Dunia sastra sangatlah kompleks. Kita bisa melihat sastra dari berbagai sudut pandang yang berbeda. Ada yang menyatakan kalau sastra itu adalah sebuah karya seni, tapi ada juga yang menyatakan kalau sastra itu adalah sebuah hasil imajinasi manusia yang sangat sulit untuk dicarikan definisinya. Meskipun dunia sastra itu sangat kompleks dan sulit dicarikan definisi yang sesuai, kita patut berbangga karena di Indonesia khususnya di Bali sudah mulai bermunculan sastrawan-sastrawan yang berkualitas. Diantaranya adalah Putu wijaya, Oka Rusmini, Panji Tisna dan lain sebagainya. Karya-karya mereka sudah sangat memfosil diantara kalangan sastrawan lainnya, bahkan juga di kalangan masyarakat awam.
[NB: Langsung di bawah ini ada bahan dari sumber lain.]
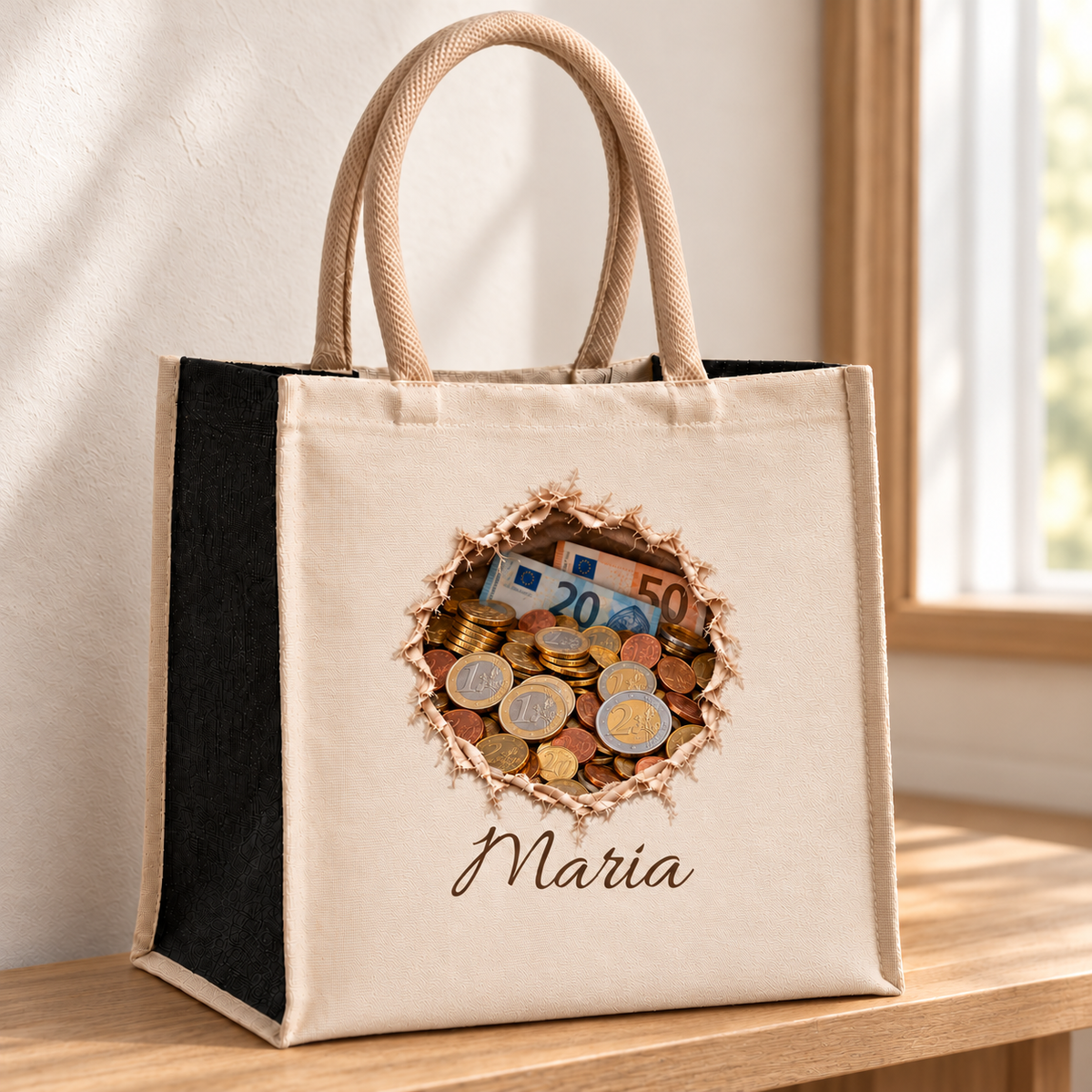 Tasche mit Wunschname und Motiv „Münzfüllung“ auf einer Holzbank im Sonnenlicht.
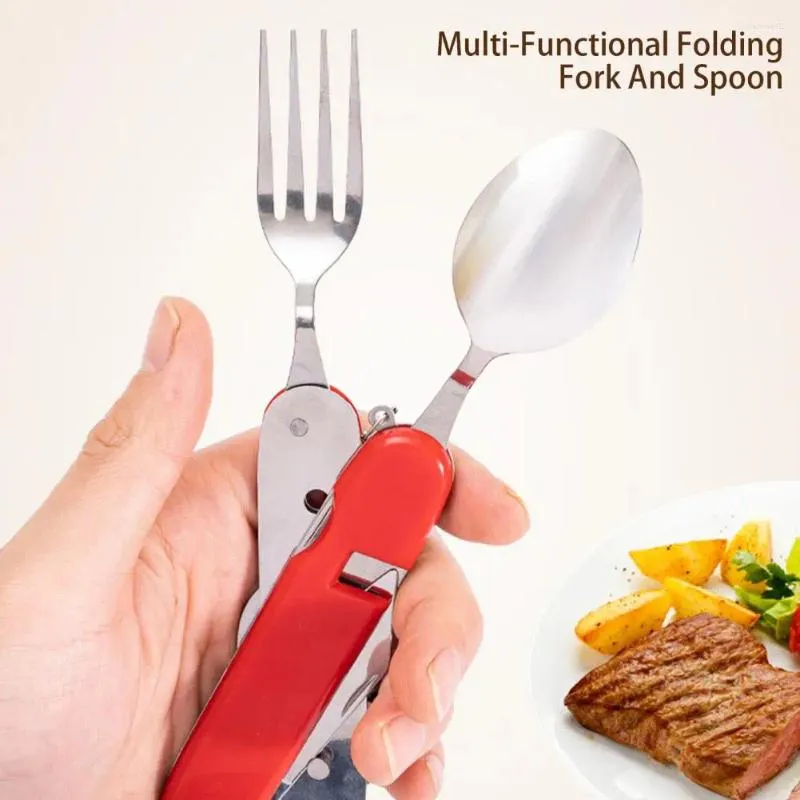 Ensembles de vaisselle pliant fourche et cuillère résistante à la chaleur détachable camping spork anti-scalding en acier inoxydable extérieur multifonctionnel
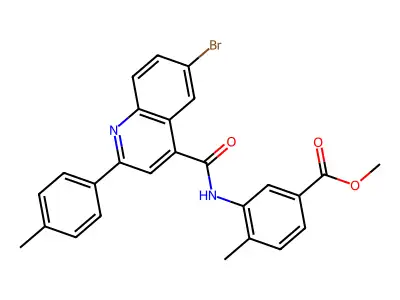 methyl 3-[[6-bromo-2-(4-methylphenyl)quinoline-4-carbonyl]amino]-4-methylbenzoate structure
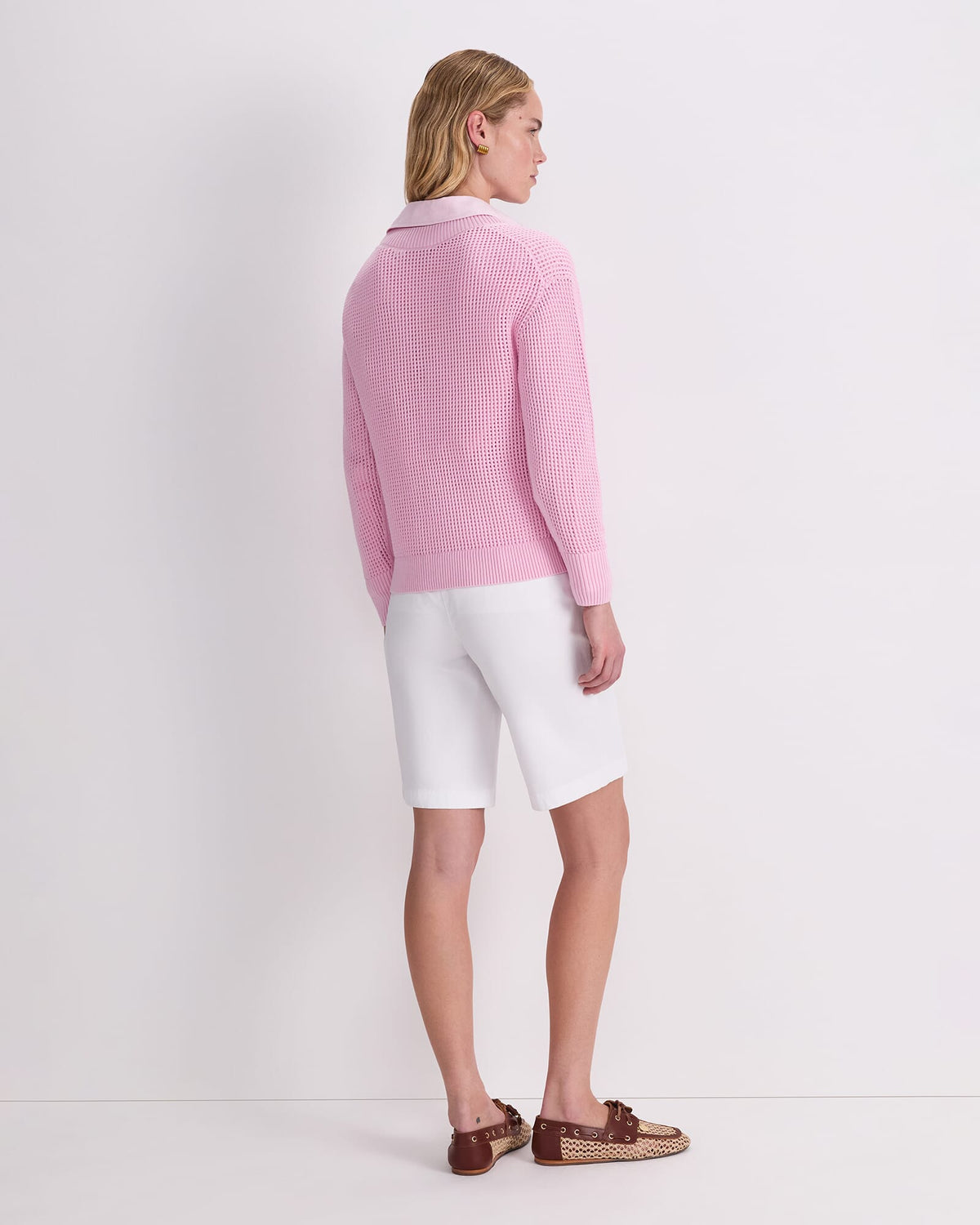 Cotton Crochet V-Neck Knit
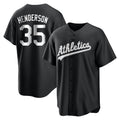 Silnrao Athletics #35 Rickey Henderson Player Black&White Replica Stitched Jersey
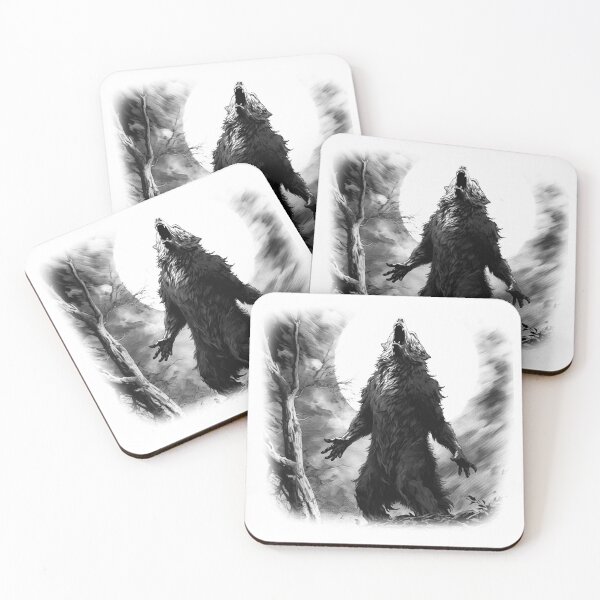 Item preview, Roaring Bear Under Full Moon Black and White Forest Art designed and sold by inkoutninja.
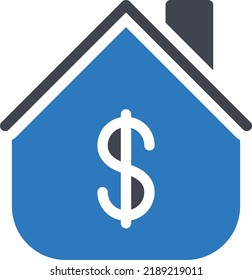 ilustración de vectores en el hogar en dólares en un fondo transparente.Símbolos de calidad premium.Icono de vector glifos para el diseño de conceptos y gráficos.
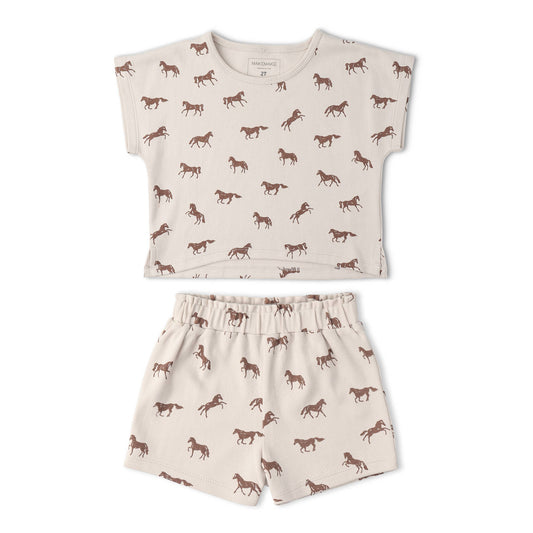 Organic Drop Shoulder Tee & Shorts Set - Horses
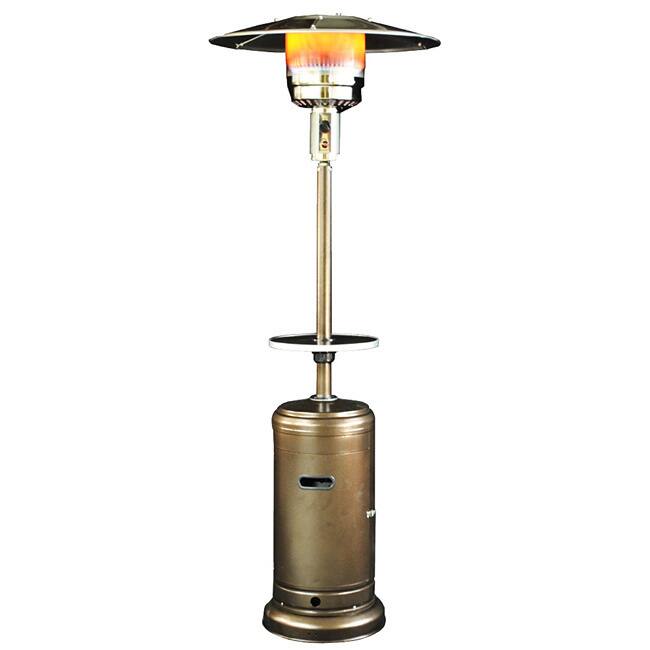 SUNHEAT Classic Umbrella Portable Propane Patio Heater Golden Hammered with Drink Table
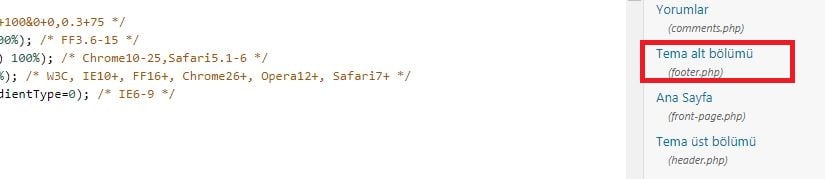 WordPress tema alt bölümü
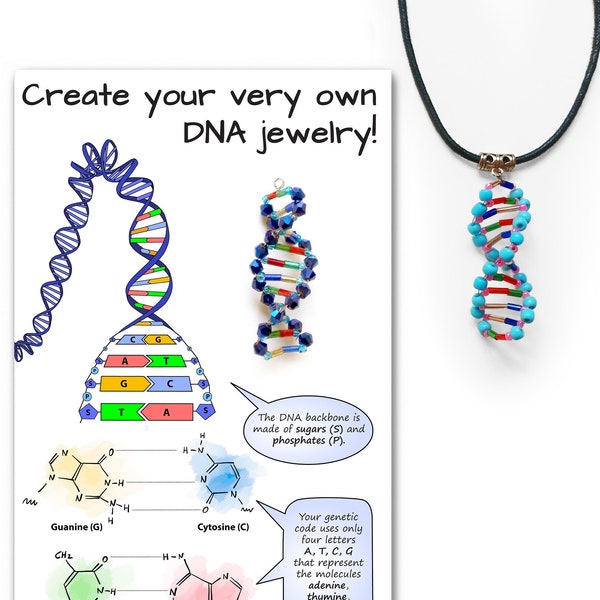 DIY Jewelry Kit for DNA Necklace or Earrings with Tutorial, STEM Craft Activity for Kids and Adults  (Beata Science Art, Biology, Gift)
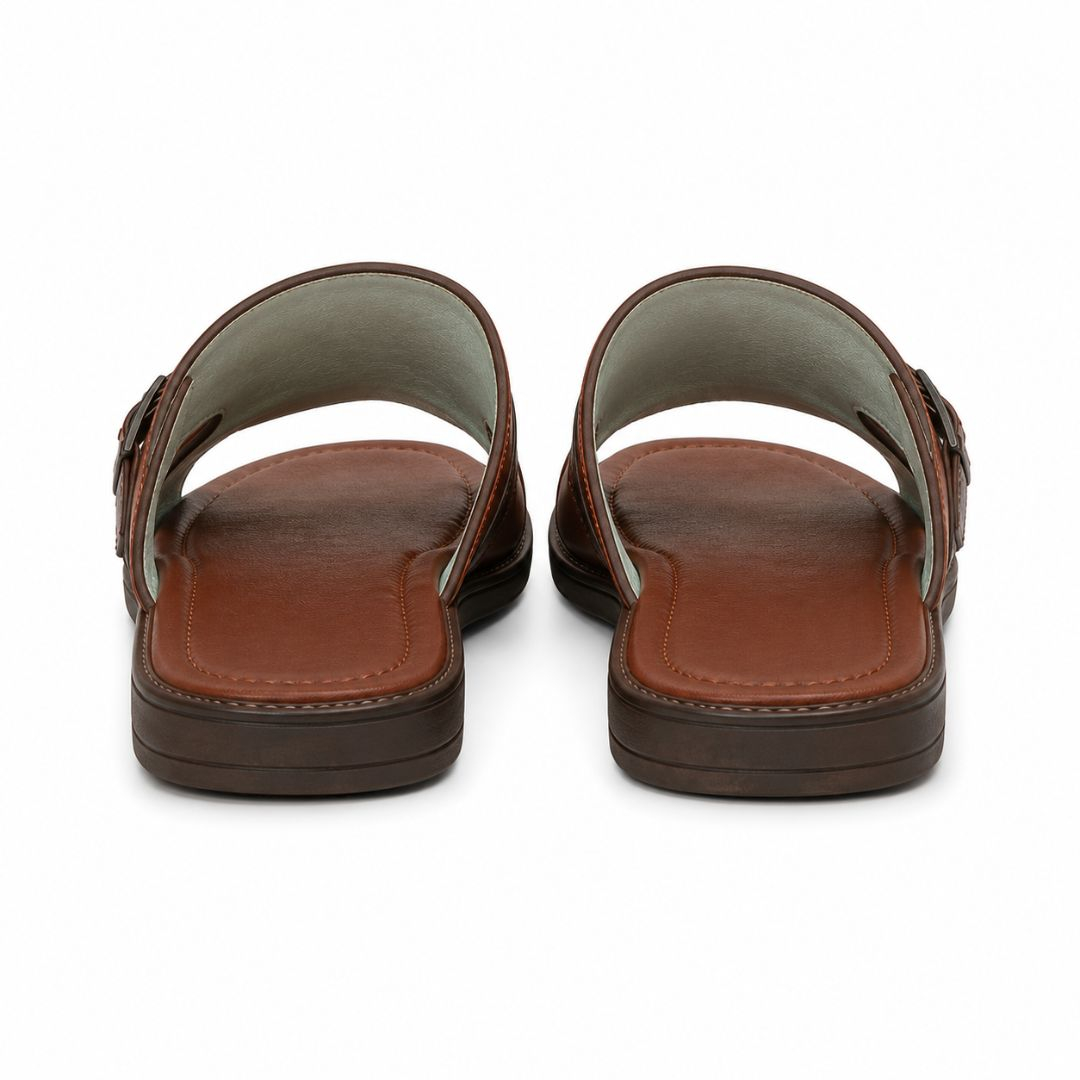 TerraStride Mens Saddle Brown Comfort Slide Sandals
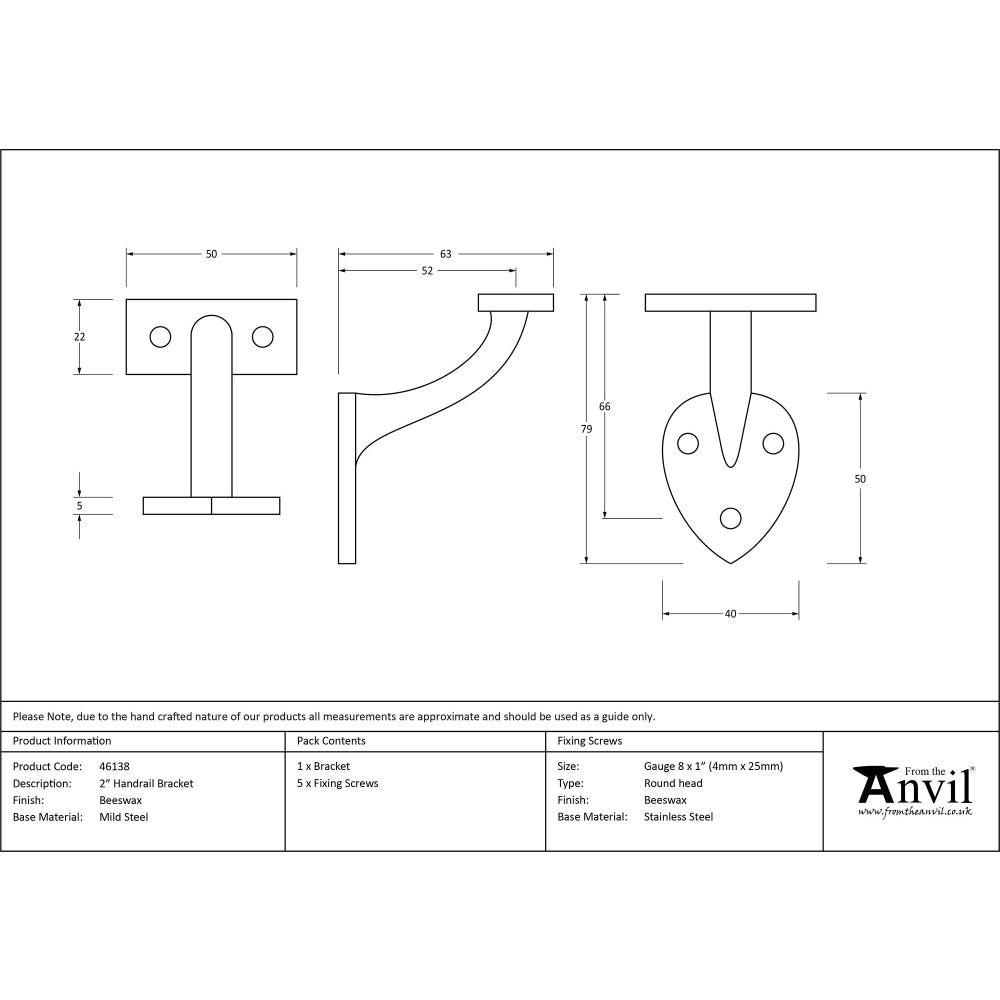 From The Anvil - Beeswax 2" Handrail Bracket | Sku. 46138 | Trade Door Handles.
Salah satu tema yang paling menarik diantara ketiga sastrawan tersebut adalah mengenai perjuangan perempuan-perempuan Bali atas hegemoni kaum lelaki. Mengenai tema itu juga dibahas dalam diskusi sastra nasional yang dilaksanakan pada tanggal 17 September 2011 di Bentara Budaya Bali dengan narasumber Dr. Gede Artawan. Dalam diskusi sastra nasional tersebut lebih banyak mengetengahkan berkaitan dengan perjuangan perempuan-perempuan Bali atas hegemoni kaum lelaki Bali yang tertuang dalam novel-novel karya sastrawan Bali. Dalam diskusi itu, banyak diungkap mengenai sosok sastrawan Bali dengan sejumlah karyanya yang sangat melegenda. Banyak hal yang di ungkap dalam seminar itu, diantaranya masalah upacara yang tidak memusat pada substansi, reposisi eksistensi gerya yang masih menajamkan posisi panjak dan ratu, masalah kasta, sampai pada persoalan kerak budaya yang memfosil menghambat pemikiran rasional dan pragmatis.
Selain itu, juga banyak dibahas berkaitan dengan resistensi pengarang melaui representasi tokoh perempuannya, seperti tindak pemerkosaan terhadap Sukreni oleh tokoh Gusti Made Tusan, dikatakan pula dalam diskusi itu tindakan Made Tusan itu merupakan contoh hegemoni patriarki yang dilakukan oleh kaum lelaki Bali. Sebenarnya tema-tema yang dimuat dalam diskusi sastra nasional itu hanya terfokus pada penindasan kaum perempuan oleh kaum lelaki. Tapi realita yang ada, banyak juga kaum perempuan yang mendapatkan perlakuan baik oleh kaum lelaki, dan tidak jarang pula beberapa tokoh perempuan dalam novel malah menindas kaum lelaki. Seperti tokoh Men Negara, Ni Rawit yang diceritakan sebagai tokoh antagonis, yang dapat dengan mudahnya mengobrak-abrik komunitas bangsawan dan memainkan peran strategis. Kedua perempuan ini dapat dengan mudahnya mematahkan dominasi hegemoni kaum lelaki terhadap kaum perempuan.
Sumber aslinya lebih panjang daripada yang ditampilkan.